Ciò premesso, si deve rilevare come la sentenza impugnata: a) non abbia verificato in via preliminare, alla stregua di specifiche allegazioni del lavoratore, nè comunque individuato sulla scorta del tenore complessivo delle medesime, il tipo di pregiudizio dal medesimo sofferto in conseguenza della dedotta dequalificazione professionale, posto che il riferimento compiuto alla “conoscibilità all’interno ed all’esterno del luogo di lavoro dell’operata dequalificazione” nonchè alla “frustrazione di ragionevoli aspettative di progressione professionale”, pur evocando rispettivamente un danno all’immagine e alla vita di relazione e un danno da perdita di chance, si situa, nel corredo motivazionale della sentenza, sul piano della prova (peraltro con le insufficienze di cui infra) e non su quello, che è logicamente preliminare, della identificazione del pregiudizio che si assume provocato; b) non abbia correttamente applicato il metodo presuntivo, pur oggetto di espresso richiamo, limitandosi a indicare, tanto sul piano generale come in relazione alla fattispecie concreta, meri campi di indagine o, più esattamente, di selezione di fatti potenzialmente rilevanti, in quanto idonei a consentire, mediante il giudizio di probabilità e il ricorso a nozioni di comune esperienza, la dimostrazione del fatto ignoto (e cioè la prova della effettiva sussistenza del pregiudizio affermato): fatti che, tuttavia, non risultano individuati e accertati nella loro specifica realtà e conseguentemente nella loro portata “indiziante”, non potendosi, con tutta evidenza, considerare sostitutiva di tale omessa individuazione la successione di categorie descrittive, nelle quali essi potrebbero inscriversi.

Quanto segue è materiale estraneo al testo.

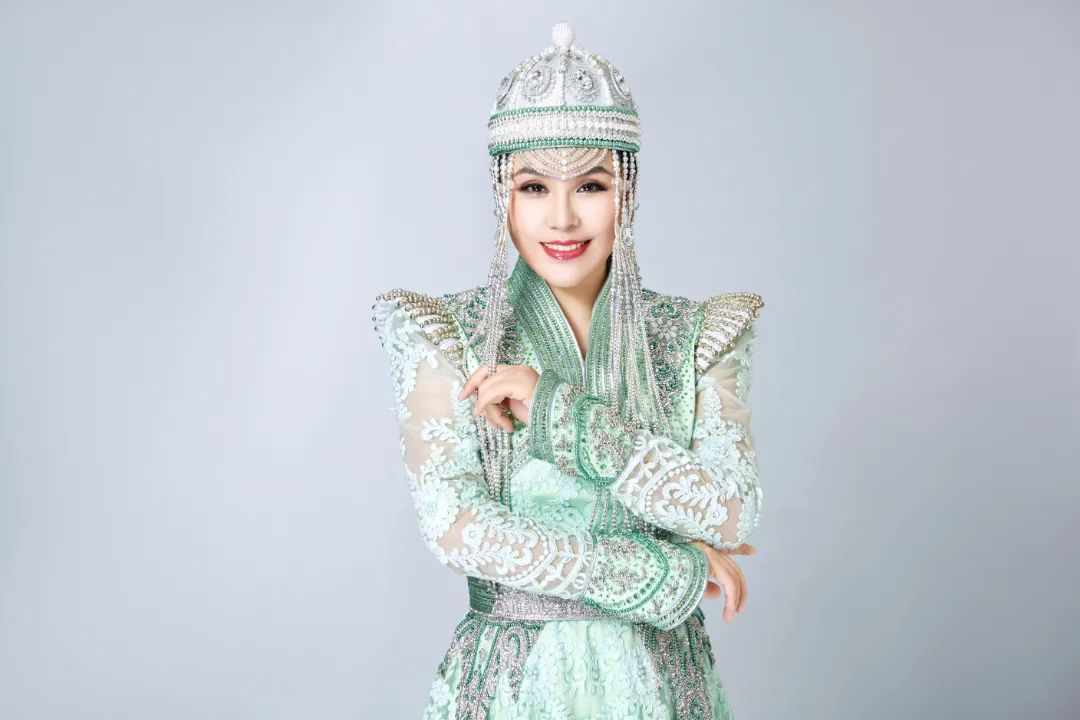 歌手烏蘭托婭助陣！浪鯨衛(wèi)浴總裁明星雙簽售長春站活動(dòng)火熱進(jìn)行2.jpg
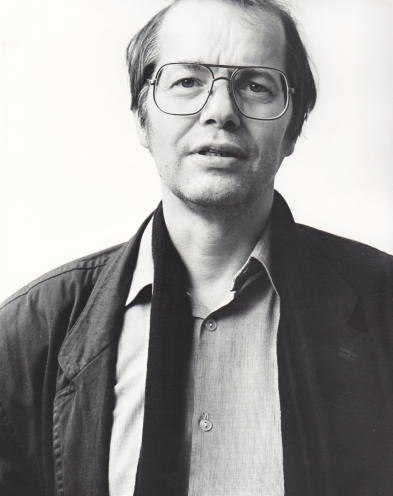 Wie viele andere namhafte Künstlerinnen und Künstler unterzeichnet auch der Schriftsteller Volker Braun 1976 den Offenen Brief gegen die Ausbürgerung des Liedermachers Wolf Biermann. Im Bild: Volker Braun zu Beginn der 1990er Jahre. Quelle: Robert-Havemann-Gesellschaft/Hans...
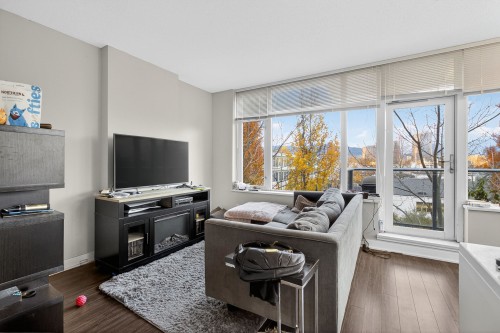 210-1777 7Th Avenue W, Vancouver, BC 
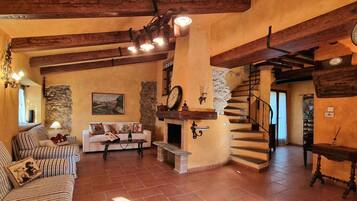 Télévision, cheminée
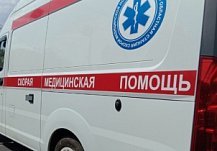 При наезде автомобиля на бетонный блок под Кузнецком пострадали два пенсионера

La sentenza deve, pertanto, essere cassata in relazione a tale motivo e la causa rinviata, anche per le spese, alla Corte di appello di Palermo in diversa composizione, la quale si atterrà al principio di diritto enunciato dalle Sezioni Unite con la sentenza n. 6572/2006 e al seguente: “In tema di prova del danno da dequalificazione professionale ex art. 2729 c.c., non è sufficiente a fondare una corretta inferenza presuntiva il semplice richiamo di categorie generali (come la qualità e quantità dell’attività lavorativa svolta, il tipo e la natura della professionalità coinvolta, la gravità del demansionamento, la sua durata e altre simili), dovendo il giudice di merito procedere, pur nell’ambito di tali categorie, ad una precisa individuazione dei fatti che assume idonei e rilevanti ai fini della dimostrazione del fatto ignoto, alla stregua di canoni di probabilità e regole di comune esperienza”.

PQM

La Corte accoglie il terzo motivo di ricorso, rigetta gli altri; cassa la sentenza impugnata in relazione al motivo accolto e rinvia, anche per le spese, alla Corte di appello di Palermo in diversa composizione.

Così deciso in Roma, nella Camera di Consiglio, il 20 aprile 2016.